Nos duele que nos dejen las personas que queremos, nos aflige y conmueve la muerte inesperada e injusta, y nos aterra como se ha podido en pleno siglo XX negar la dignidad a la muerte y a los muertos en tanto Gulag y Auschwitz, y nos deja perplejos que en pleno siglo XXI el mare nostrum, mar de cultura y de intercambio humano, se esté convirtiendo en un cementerio.
Lo que nos hace humanos es enterrar dignamente a nuestra gente, no echar “los restos mortales” de las criaturas del Dios de la Vida a los muladares y vertederos. La cultura empezó, comenzamos a ser humanos, cuando se lloró por primera vez la muerte de un miembro de la especie, cuando la pérdida de un igual y cercano se vivió con aflicción y conmoción.
Celebrar el día de los difuntos es un acto de justicia para con lo muertos. Los muertos también tienen derechos y es bueno que se los reconozcamos. Vivimos una cultura que extingue el pasado y nubla el futuro y se queda en un presentismo emocional vacío. Celebrar y recordar a los que nos han precedido es negarle a la muerte la última palabra, es afirmar que la Vida es la palabra definitiva, recodar a aquellos con los que hemos convivido y han hecho posible que vivamos da raíces y anclajes a nuestro vivir cotidiano. Los muertos tienen derecho a que se les agradezca su vida.
No querer ver la muerte de cara, ignorarla, borrarla de nuestra vida cotidiana, hacerla invisible es perder humanidad, es un autoengaño sobre la condición humana terrible, se banaliza la misma vida que acaba no valiendo nada. Cuando la muerte es consumida diariamente en los noticieros, sólo se activan emotividades instantáneas que no llevan a nada, o a lo más a la resignación estéril ante lo que hay.

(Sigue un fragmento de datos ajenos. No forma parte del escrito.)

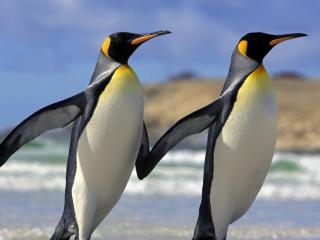 обои Два королевских пингвина фото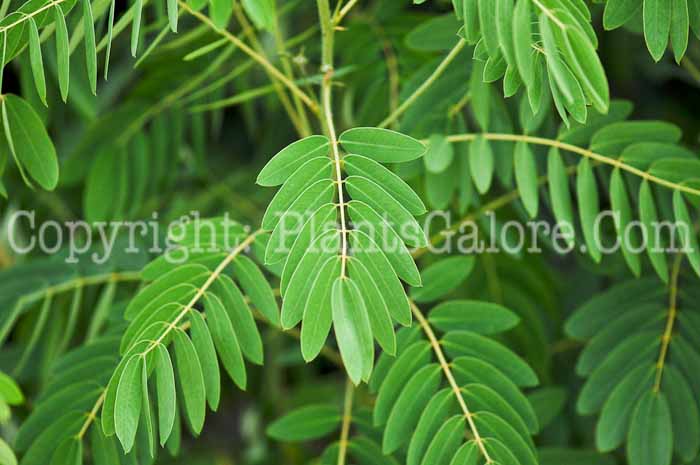 PGC-S-Senna-hebecarpa-Wild-Senna-03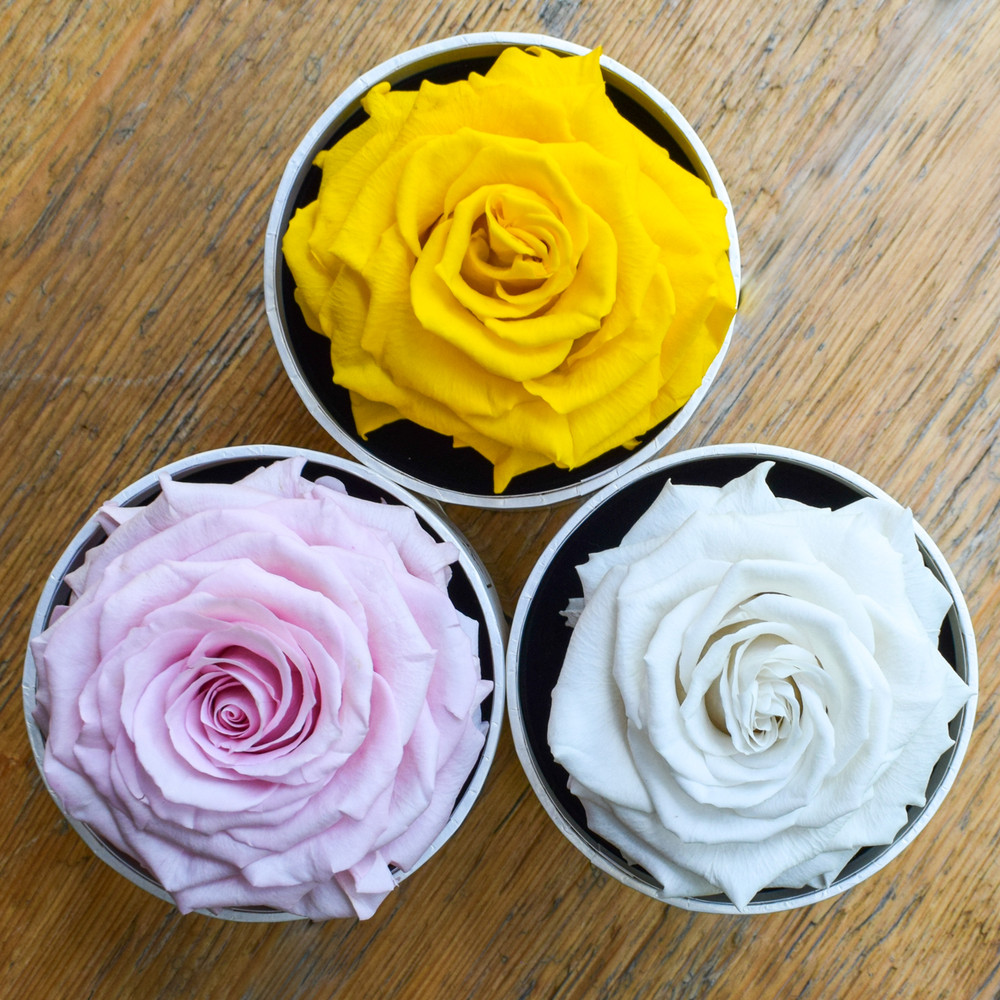 A perfect pick me up that will continue bringing joy for up to a year. These  roses are preserved in a round white box, with acrylic top and offer lasting perfume and color. Treated with environmental friendly & non toxic products, size appx. 4.72". 
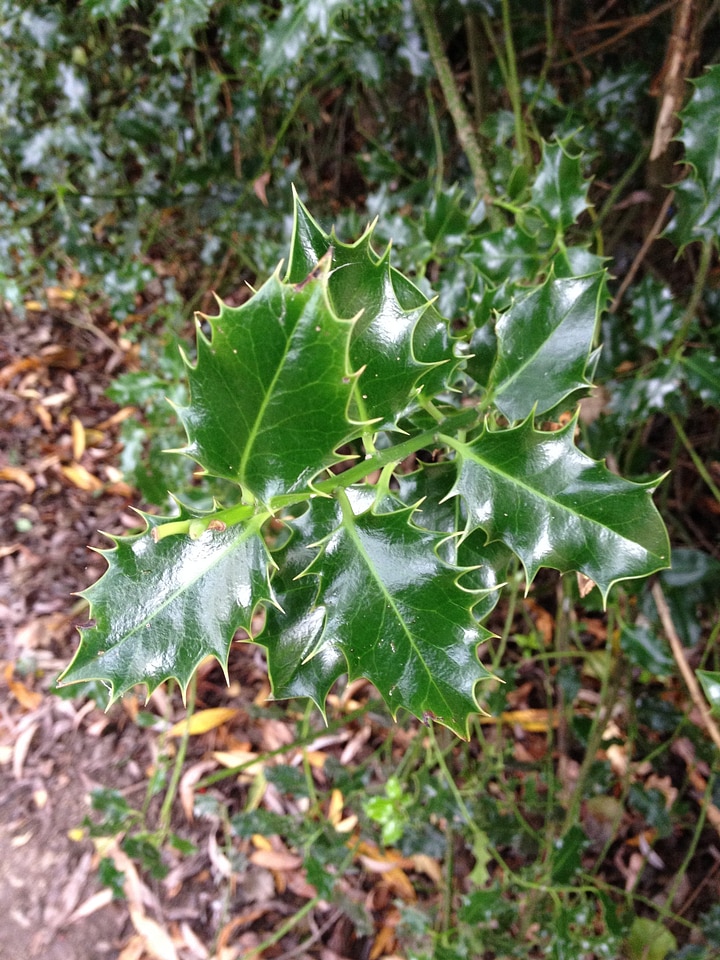 Leaf plant natural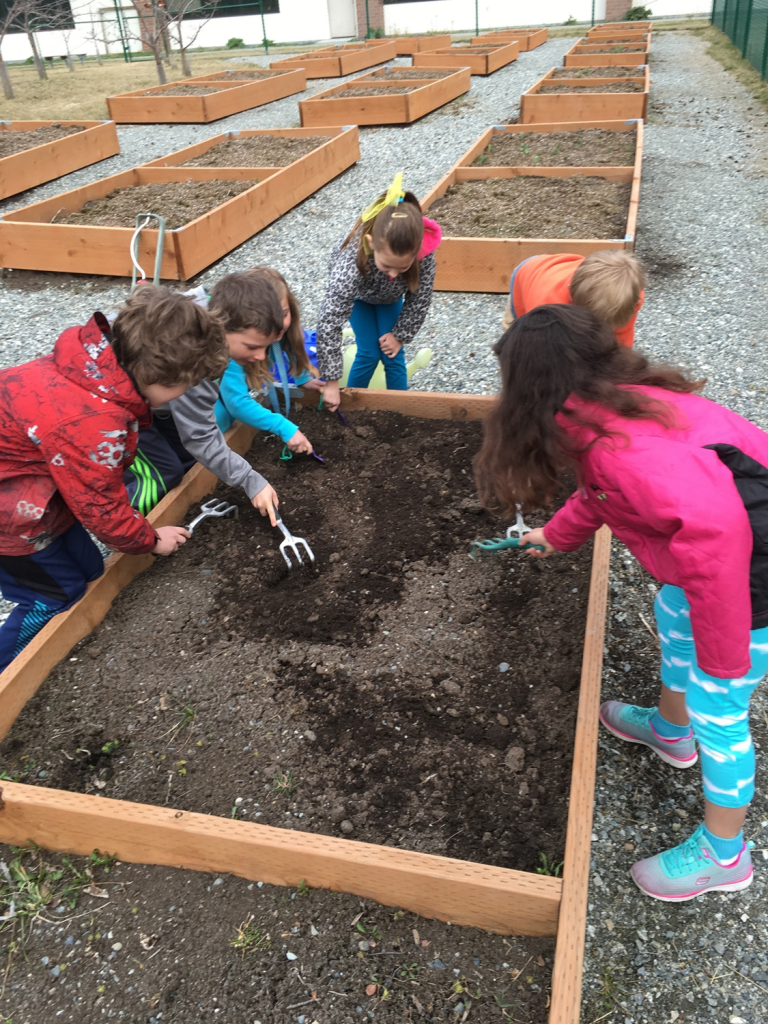 Los niños plantan semillas en un lecho elevado.
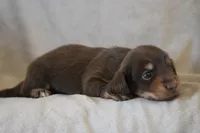 Brandy, a female Miniature Dachshund for sale in Canton, TX – 4 of 4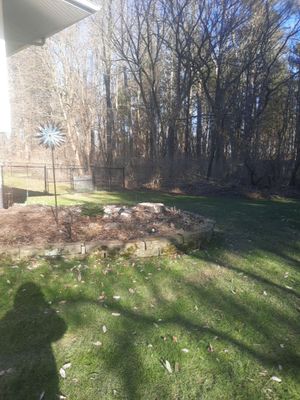 Tree Removal using Tree Removal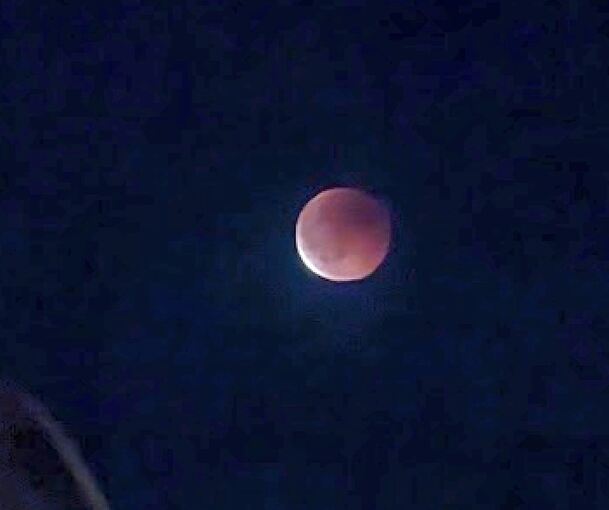 Der Blutmond, fotografiert von LKZ-Leser Peter Weiss.
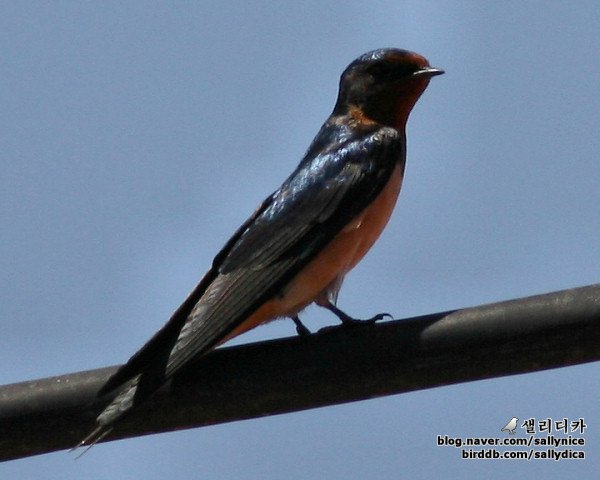 붉은배제비(hirundo rustica tytleri )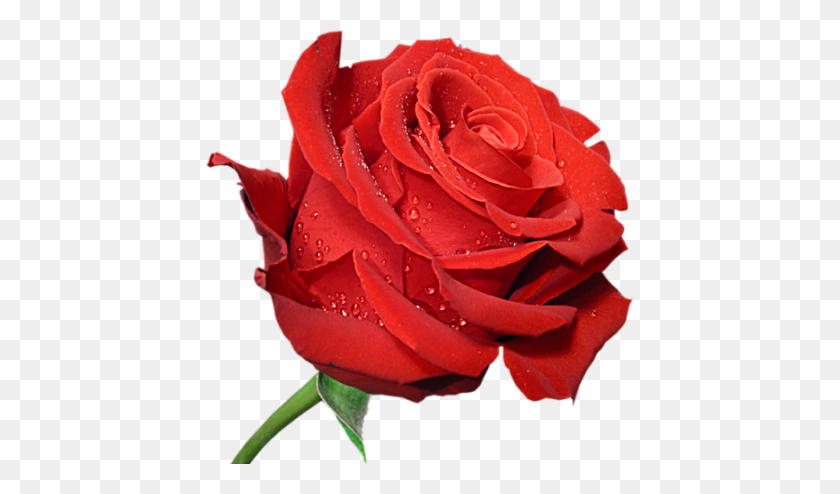 428x434 Красные Розы, Розы Для Вас, Красные Розы, Розы, Клипарт На Прозрачном Фоне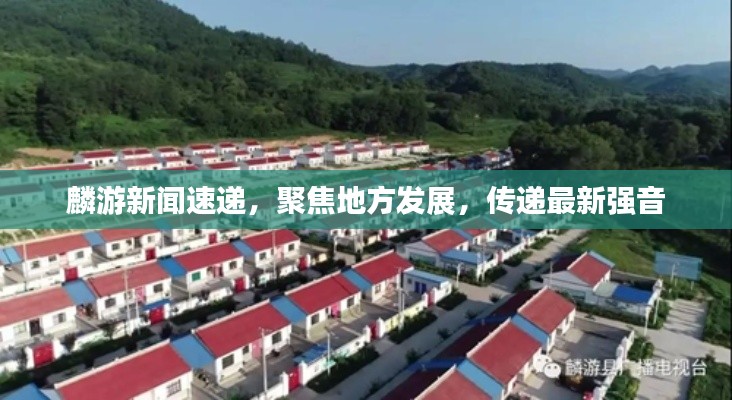 麟游新闻速递,聚焦地方发展,传递最新强音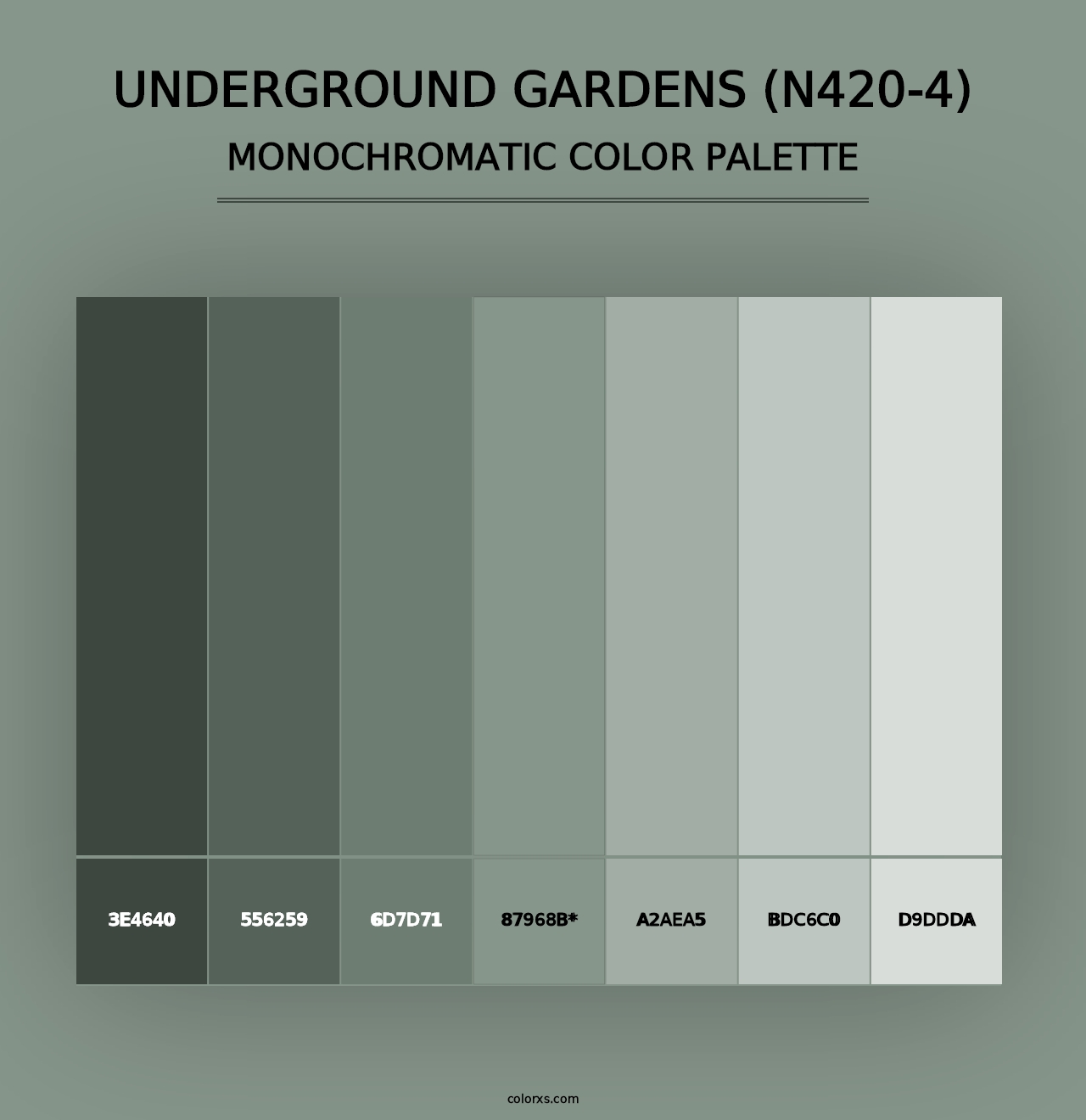 Underground Gardens (N420-4) - Monochromatic Color Palette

En uno de los versículos más breves de los evangelios (Jn 11,35) se nos dice: “Y Jesús lloró”. Jesús está conmovido y estremecido ante la muerte de su amigo Lázaro. Ante la muerte no cabe la palabra hueca, y Jesús hace lo más humano que se puede hacer ante la muerte que desgarra la amistad, que termina con la cercanía de la persona querida y nos aboca al estremecimiento de la soledad que invade y del duelo que entristece profundamente: llorar.
El que llora es Jesús de Nazaret y con estas lágrimas mete su dolor y la muerte de Lázaro en las entrañas del Compasivo. El día de difuntos se vuelve a llorar y celebramos en la Eucaristía a los que nos han precedido. Ese Jesús que no eludió la muerte nos lleva a vivir sin cinismos ni autoengaños. La muerte está ahí pero esas lágrimas de Jesús son las lágrimas del Dios-con-nosotros que nos sigue fortaleciendo para vivir lucidamente y vivir con la esperanza de que la última palabra la tiene » el Dios de Abraham, Isaac y Jacob que no es un Dios de muertos sino de vivos: es decir que para él todos están vivos” (Lc 20, 37-38).